The issue stems from the fact that some Symantec products fail to properly handle malformed CAB files, resulting in memory corruption.

The affected products are Symantec Endpoint Protection 11.0 and Symantec Endpoint Protection Small Business Edition 12.0.

These products are impacted because they rely on a legacy decomposer that fails to perform proper bounds check in some specifically formatted files when parsing content to be scanned from the CAB archive.

“Successful targeting of this nature would necessarily require the attacker to be able to get their maliciously formatted archive past established email security policies to be processed on a system.
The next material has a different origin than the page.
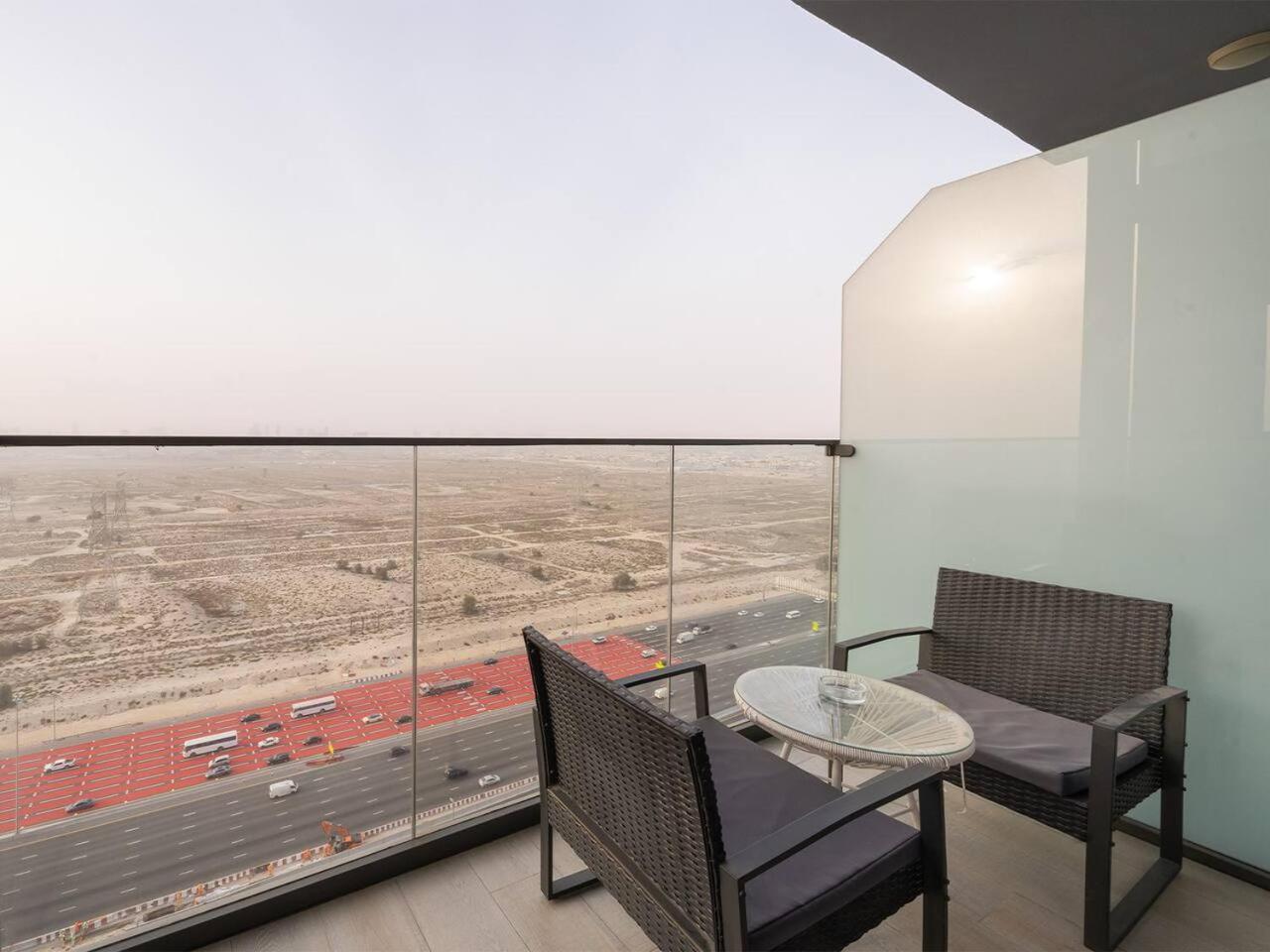 Brand New Bloom With Marina Skyline Apartment Dubai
This may lessen the success of any potential attempts of this nature though it does not reduce the severity if successfully executed,” Symantec wrote in its report.
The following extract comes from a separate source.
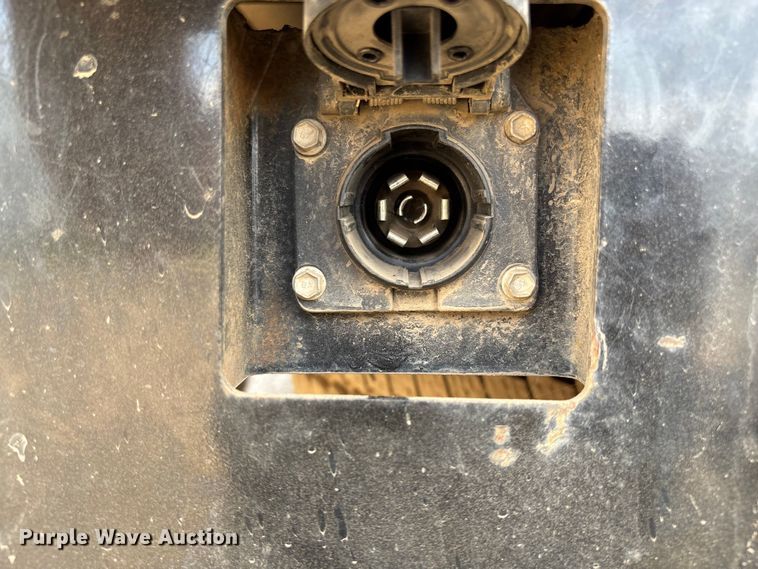 image for item EV3194 2013 GMC Sierra 2500HD bale bed pickup truck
The company has confirmed that the legacy versions of the decomposer engines can cause crashes when handling malformed CAB files, but they haven’t been able to verify remote code execution.

The best way to address this issue is by updating the products to the latest versions, which don’t utilize the decomposer engine in question.

Other mitigation strategies include the disabling of CAB file scanning until a permanent fix is made available and following best practices.

US-CERT recommends the use of the Microsoft Enhanced Mitigation Experience Toolkit (EMET), which could help prevent exploitation, and the enabling of Data Execution Prevention (DEP), although the use of DEP should not be considered a complete workaround.

Symantec is not aware of any attempts to exploit this issue.